For the records below, copy exactly the span that begins at the line containing "Kiedy po woli kończą się wakacje" and stops after the line containing "шахтёр оленевод нефтяник", minus any pictures.

===== INFORMATION PROVIDED

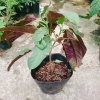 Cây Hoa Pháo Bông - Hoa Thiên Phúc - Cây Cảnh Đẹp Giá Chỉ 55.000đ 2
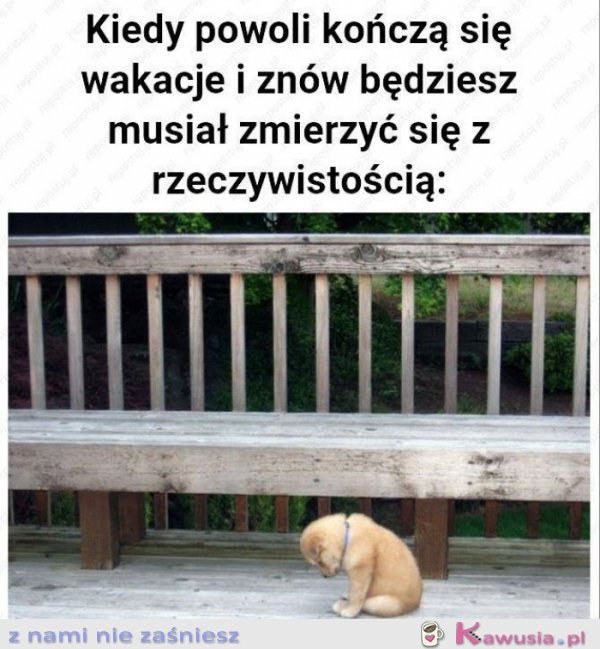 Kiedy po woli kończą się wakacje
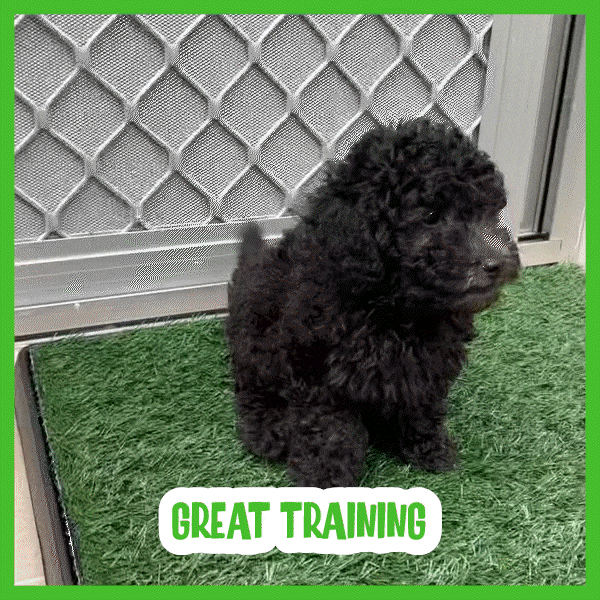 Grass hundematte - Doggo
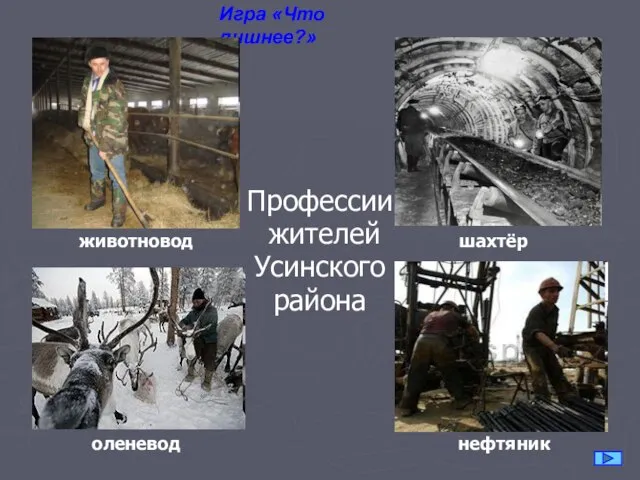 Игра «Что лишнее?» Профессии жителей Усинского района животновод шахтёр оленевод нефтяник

==========
===== INFORMATION PROVIDED

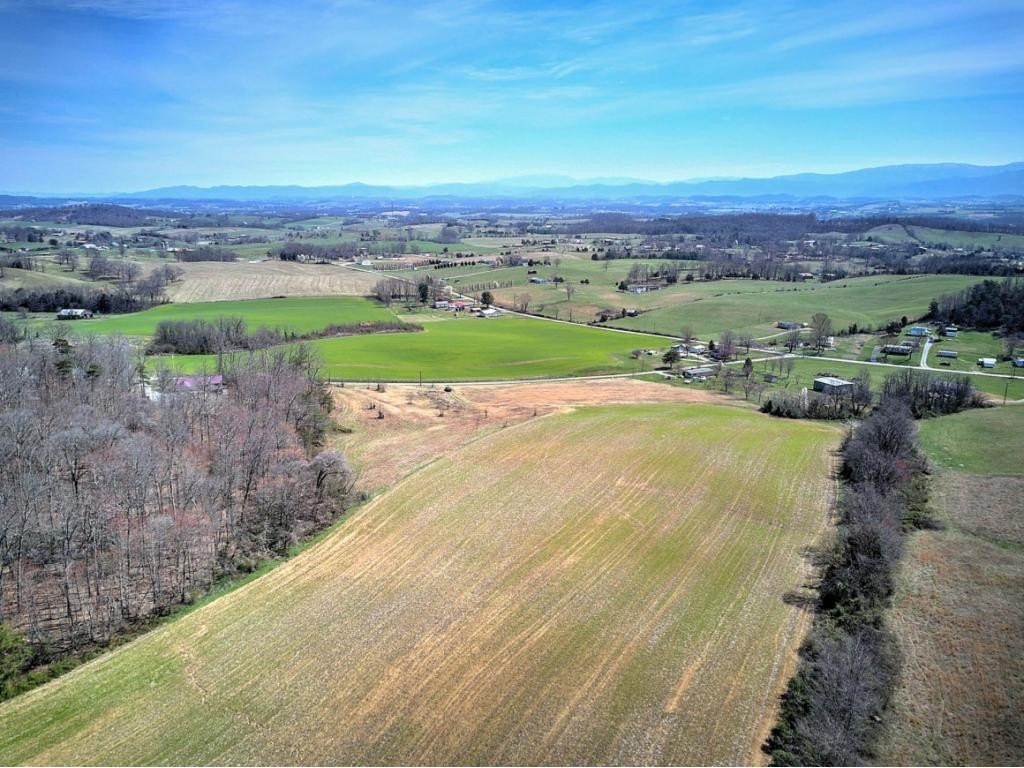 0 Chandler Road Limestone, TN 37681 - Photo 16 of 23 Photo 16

==========
===== INFORMATION PROVIDED

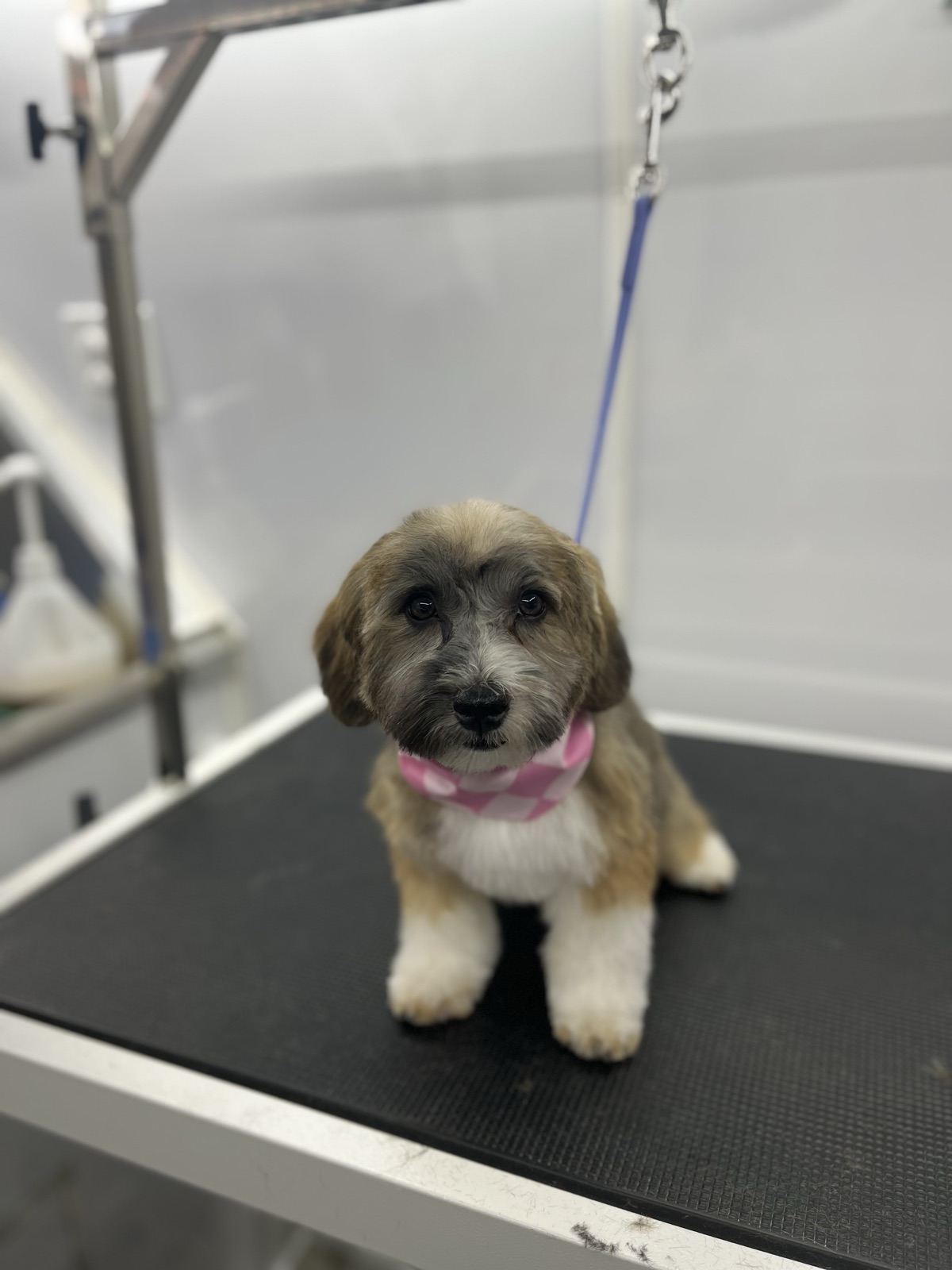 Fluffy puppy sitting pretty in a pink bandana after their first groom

==========

*SOLUTION FOR THIS TASK:*
 Kiedy po woli kończą się wakacje
 Grass hundematte - Doggo
 Игра «Что лишнее?» Профессии жителей Усинского района животновод шахтёр оленевод нефтяник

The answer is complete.